Fate versus freewill. Religious theorists and philosophers have contemplated the idea for centuries, and this weekend The Adjustment Bureau tries to tackle the debate.
Fate versus freewill. Religious theorists and philosophers have contemplated the idea for centuries, and this weekend The Adjustment Bureau tries to tackle the debate. What would you do if you found out your entire life were planned for you? And what if the plan wasn't what you wanted? The weighty subject matter should give you plenty to chew on, but The Adjustment Bureau isn't adept enough to handle the issue. Instead, we get a generic story.
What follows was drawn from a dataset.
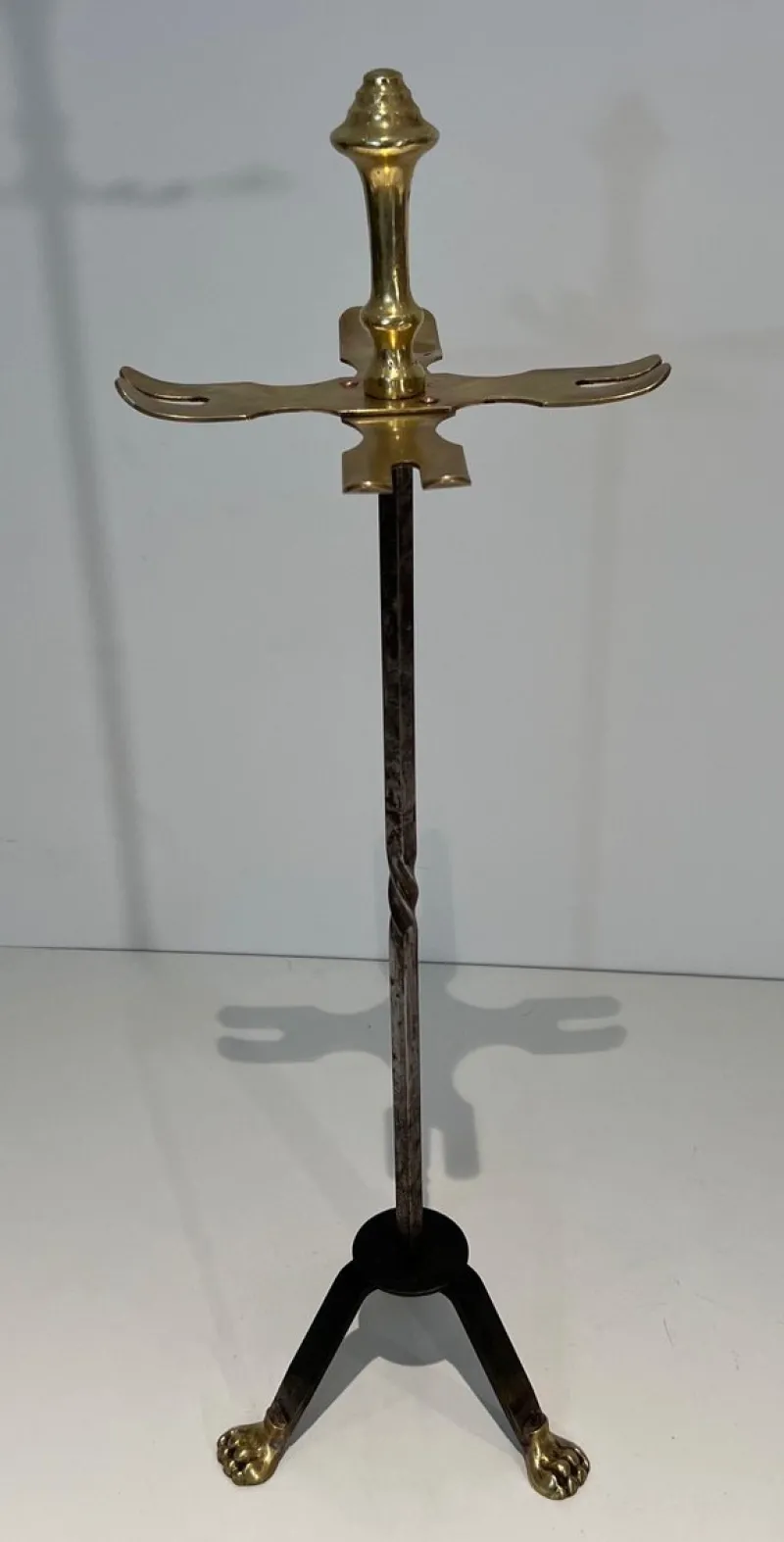 Pamono Brass and Brushed Steel Fireplace Tools with Stand attributed to the Maison Jansen, 1940s, Set of 5> Fireplaces And Mantels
Based on a short story by Philip K. Dick (the sci-fi writer also behind Blade Runner and Minority Report), The Adjustment Bureau stars Matt Damon as David Norris, a politician who crosses paths with a ballerina named Elise (Emily Blunt) in a men's bathroom. Instant sparks ignite, so when they bump into each other again on a bus, David is convinced that fate is intervening. But really, it's a mistake of chance — and it must be corrected. In come suited agents led by Richardson (John Slattery). They're men in charge of monitoring the world (the film suggests they're angels) to make sure everyone proceeds on the path predetermined for them. Since David has fallen off course, they must make sure he forgets about Elise for the sake of his political career. But unfortunately for them, David is quite the smitten schoolboy and isn't willing to let her go.